Fundamental to the Framework is a view of children’s lives as characterised by belonging, being and becoming. From birth children are connected to family, community, culture and place. Their earliest development and learning take place through these relationships, particularly within families who are the child’s first and most influential educators. As children participate in everyday life, they develop interests and construct their identities and understandings of the world. Staff plan individual programs for every child, using information collected from various forms of observation and also information shared by families.

The following Learning Outcomes are skills, knowledge or dispositions that educators can actively promote in early childhood settings in collaboration with children and families.

Outcome 1 – Children have a strong sense of identity

  • Children feel safe, secure and supported.
  • Children develop their emerging autonomy, interdependence, resilience and sense of agency.
  • Children develop knowledgeable and confident self-identities.
  • Children learn to interact in relation to others with care, empathy and respect.

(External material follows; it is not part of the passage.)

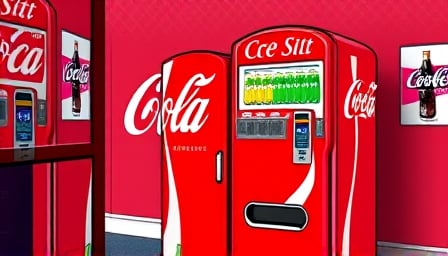 Coca-Cola Europacific Partners PLC Maintains Stable Stock Amid Market Fluctuations and Share Buybacks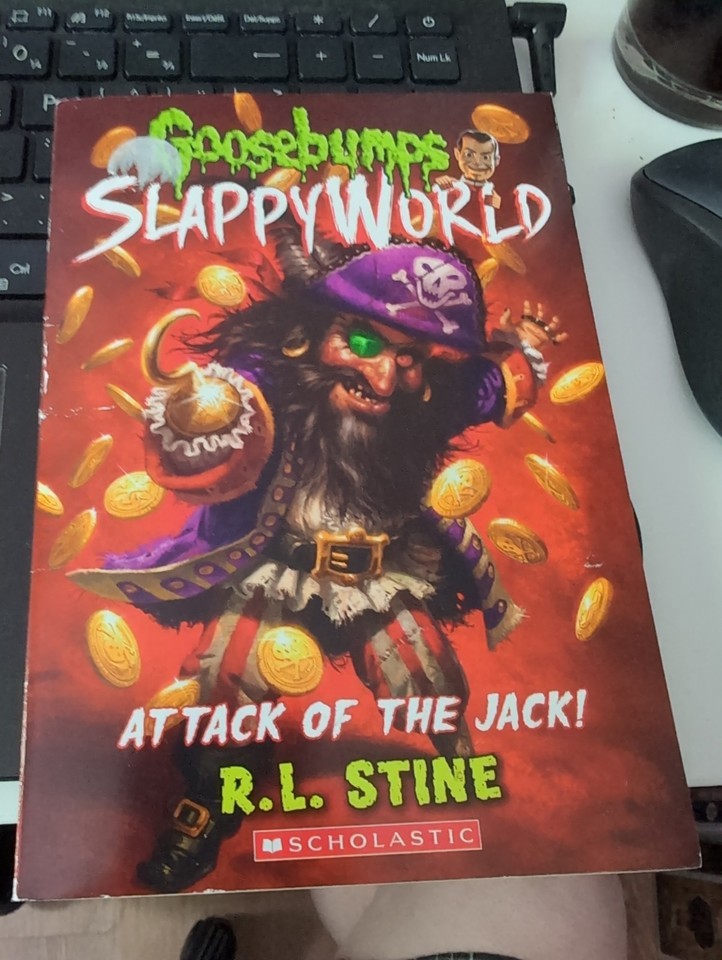 Full-size item image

Outcome 2 – Children are connected and contribute to their world

  • Children develop a sense of belonging to groups and communities and an understanding of the reciprocal rights and responsibilities necessary for active community participation.
  • Children respond to diversity with respect.
  • Children become aware of fairness.
  • Children become socially responsible and show respect for the environment.

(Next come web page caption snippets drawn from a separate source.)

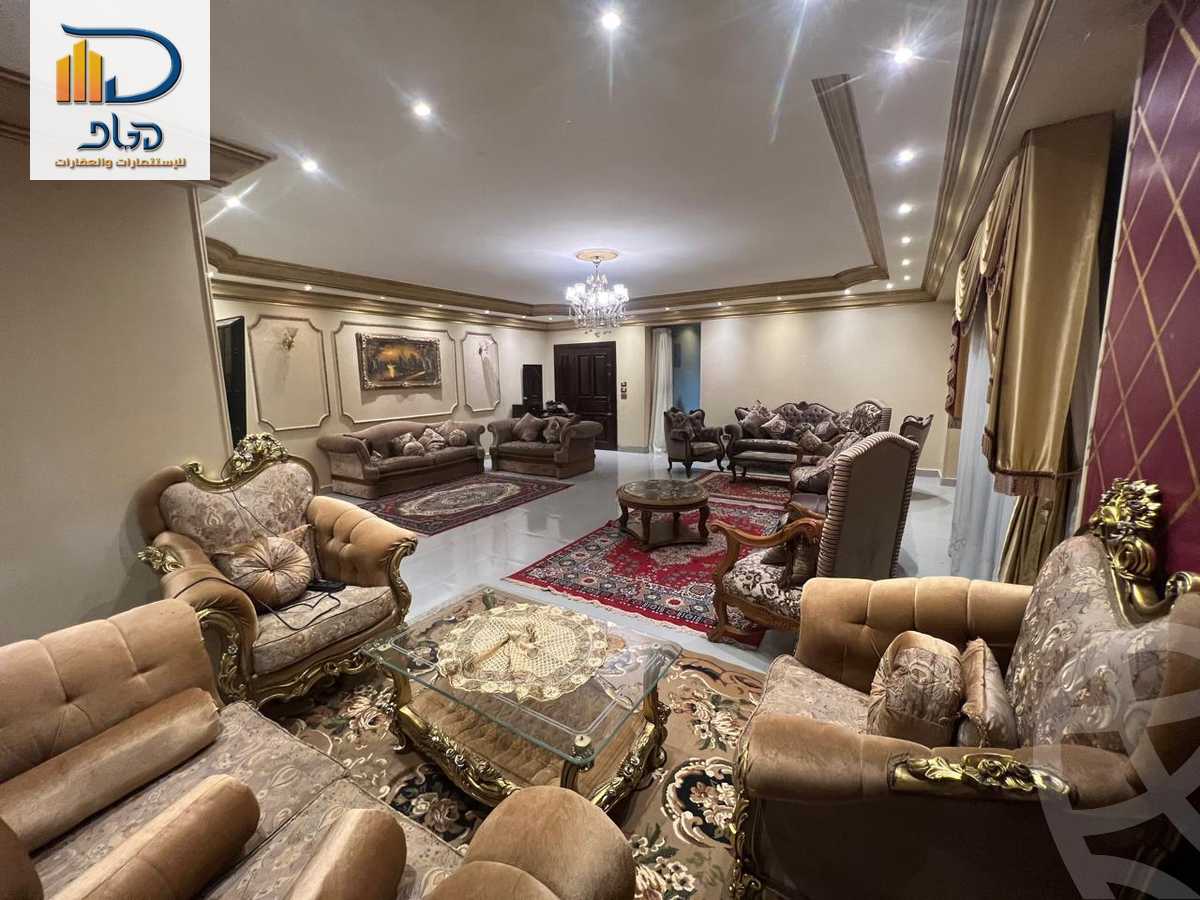 https://aqarmap.com.eg/ar/listing/5664319-for-sale-cairo-new-cairo-el-narges-el-narges-omarat-mohamed-sabry-abu-alam-st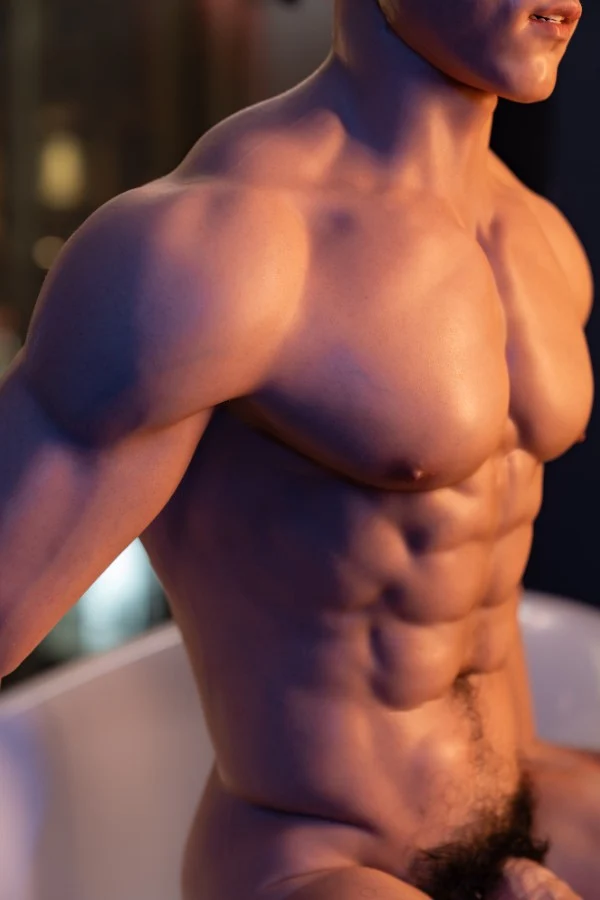 Thumb 4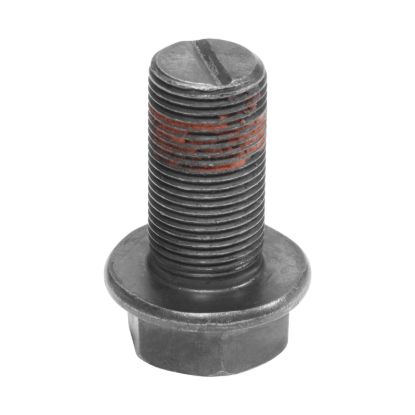 Picture of Yukon Gear and Axle Differential Ring Gear Bolt - YSPBLT-096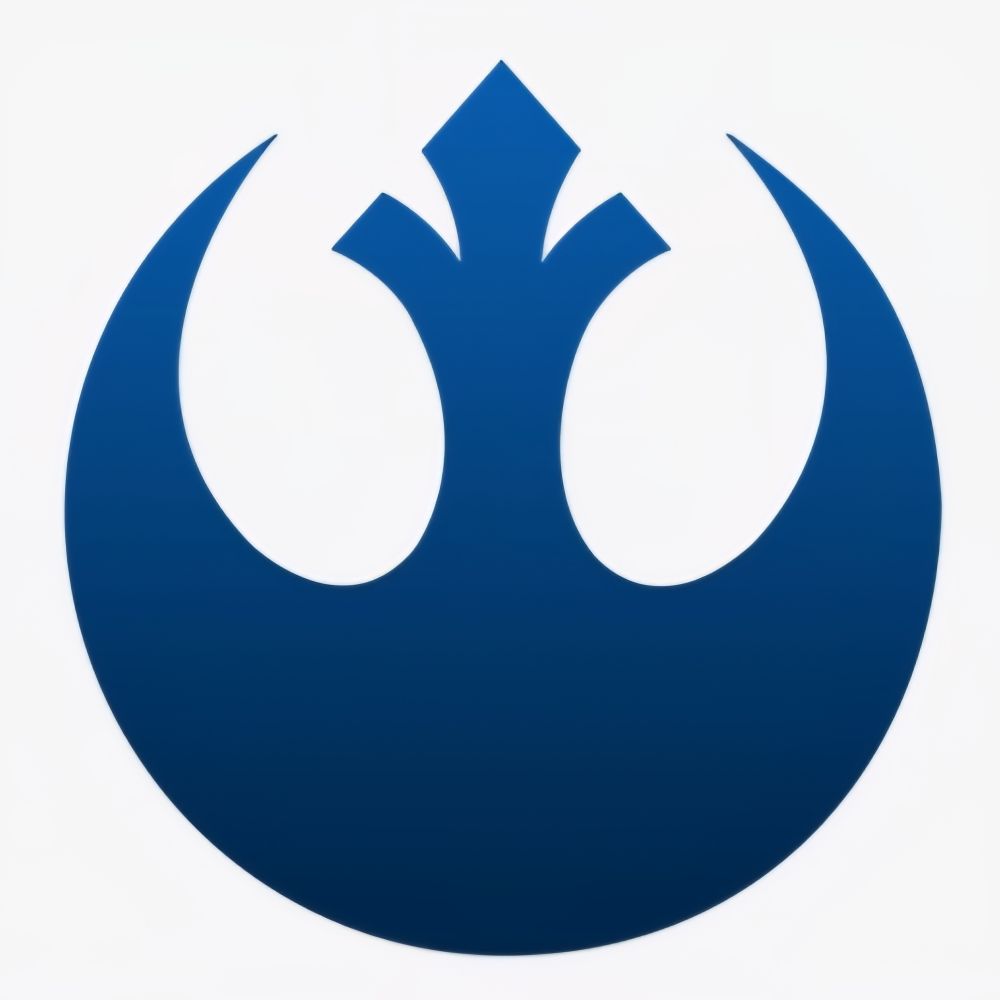 onenonjohn.bsky.social profile picture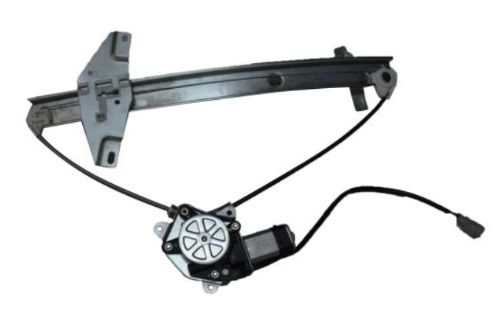 10124R CAM  KRIKOSU ELEKTRİKLİ ON SAĞ COROLLA AE10  VALOR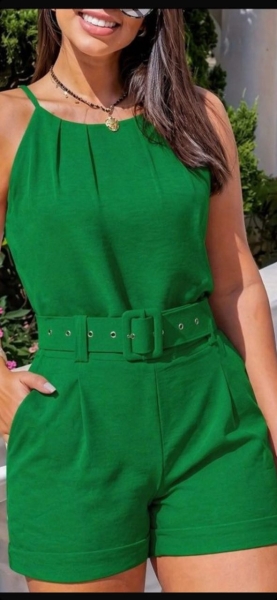 rochie de dama cu fanta 2396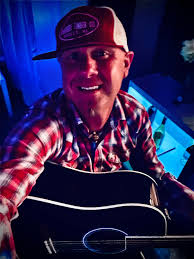 Drummer looks for position in Birmingham Al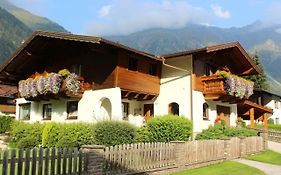 Chalet Walzl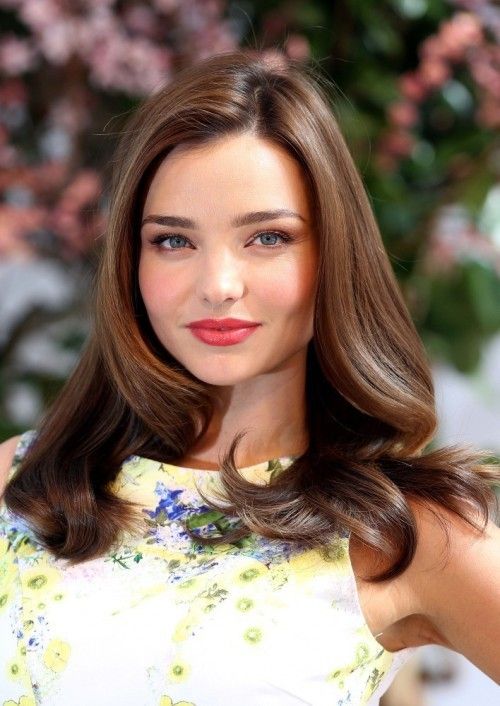 mirandakerrtoc04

Outcome 3 – Children have a strong sense of wellbeing

  • Children become strong in their social and emotional wellbeing
  • Children take increasing responsibility for their own health and physical wellbeing

Outcome 4 – Children are confident and involved learners

  • Children develop dispositions for learning such as curiosity, co-operation, confidence, creativity, commitment, enthusiasm, persistence, imagination and reflexivity.
  • Children develop a range of skills and processes such as problem solving, enquiry, experimentation, hypothesizing, researching and investigating.
  • Children transfer and adapt what they have learned from one context to another.
  • Children resource their own learning through connecting with people, place, technologies and natural processed materials.

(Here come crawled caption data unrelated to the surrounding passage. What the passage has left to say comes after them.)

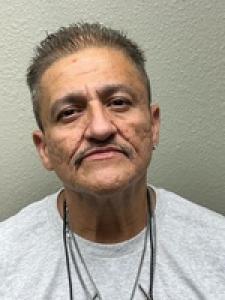 Joe A Castillo a registered Sex Offender of Texas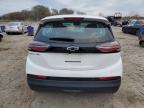 Lot #3294372105 2023 CHEVROLET BOLT EV 2L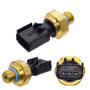 Walker Products Engine Oil Pressure Sensor 1001-1004 for 2003-2024 American Coach/American LaFrance/Autocar LLC. 14.9L 11.9L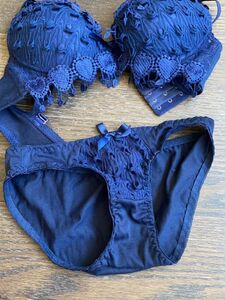 Elsadreamjean Onlyfans Latest Premium Leaks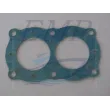 Guarnizione testata Johnson / Evinrude EMP 0203130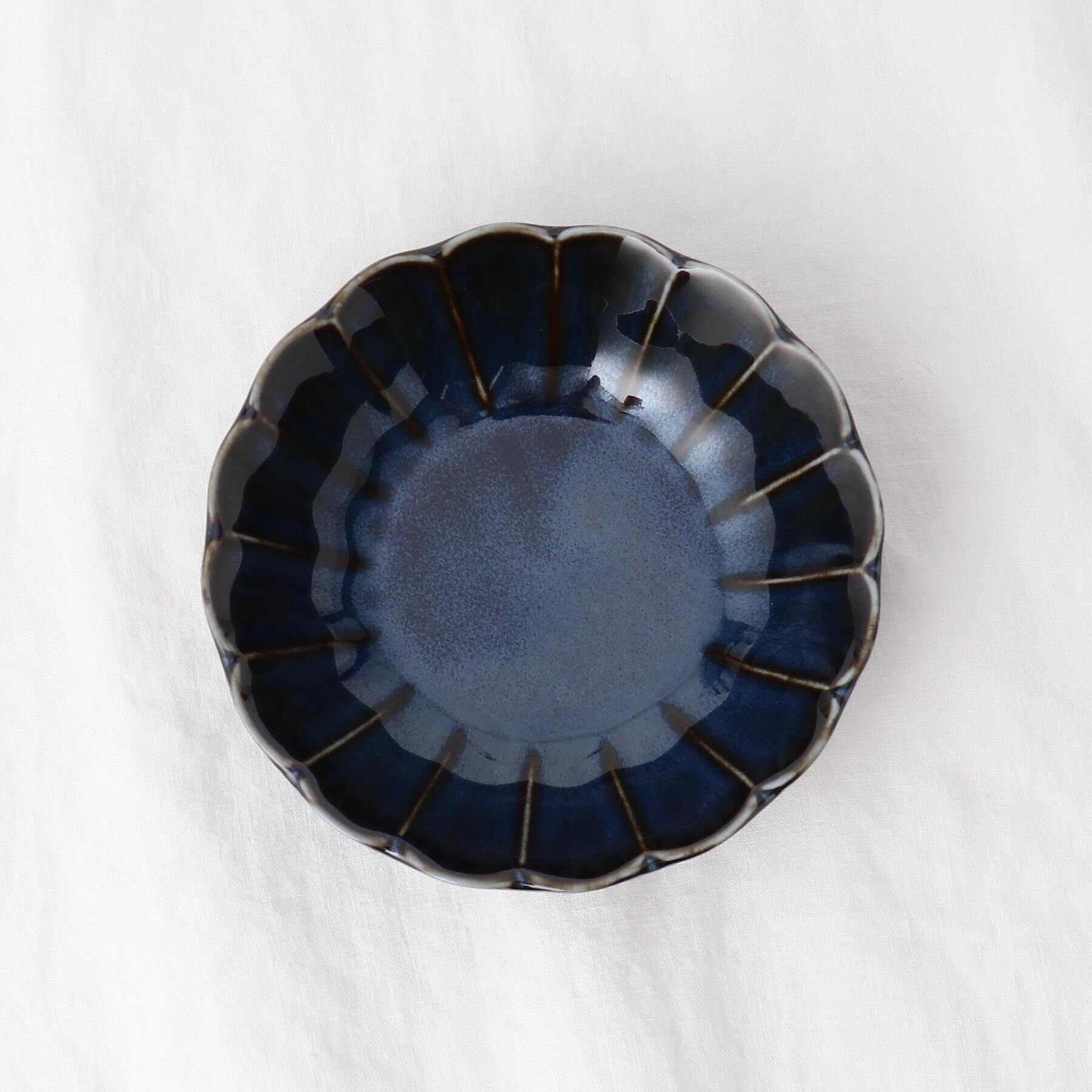 212 KITCHEN STORE「ヴィンテージ 浅鉢 NV」|食器・キッチングッズ|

Outcome 5 – Children are effective communicators

  • Children interact verbally and non-verbally with others for a range of purposes.
  • Children engage with a range of texts and gain meaning from these texts.
  • Children express ideas and make meaning using a range of media.
  • Children begin to understand how symbols and pattern systems work.
  • Children use information and communication technologies to access information, investigate ideas and represent their thinking.